The bills’ proponents, City Council member Keith Powers and Manhattan Borough President Mark Levine, explained how they broadened the aims of the bills, initially inspired by COVID-19, an airborne virus that forced Americans to confront the need to improve indoor air quality, including by impeding the spread of viruses and bacteria. Indeed, proposals in the bills are in alignment with new ventilation guidelines disclosed by the U.S. Centers for Disease Control and Prevention just this past May. New York City’s bills’ proposed ventilation guidelines are particularly notable since public schools and municipal buildings across the country largely failed to take meaningful steps to improve HVAC ventilation and HEPA filtration systems, even after a historic respiratory pandemic. 
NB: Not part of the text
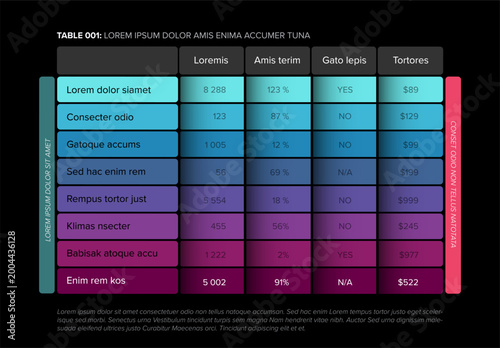 A modern data table template layout design featuring colorful gradient rows for clear data visualization. Digital data table template is designed for effective data visualization in business reports.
Although it is not yet clear exactly what implementation of the new air quality standards will cost New Yorkers and the city, the bills’ drafters argue that the great benefits to public health will easily outweigh material costs. Exhausted by years of a life-altering respiratory pandemic, New Yorkers currently undergoing a return of the mesquite-scented smoke and sherbet skies resulting from our Canadian neighbors’ insatiable fires, may be the most receptive they’ve ever been to such regulations. And, maybe, the bills’ drafters hope, New York’s actions can serve as a model for the rest of the country, spurring similarly bills in other cities and states, which, as California has known for some time, can no longer assume the sky will be blue when they wake up in the morning.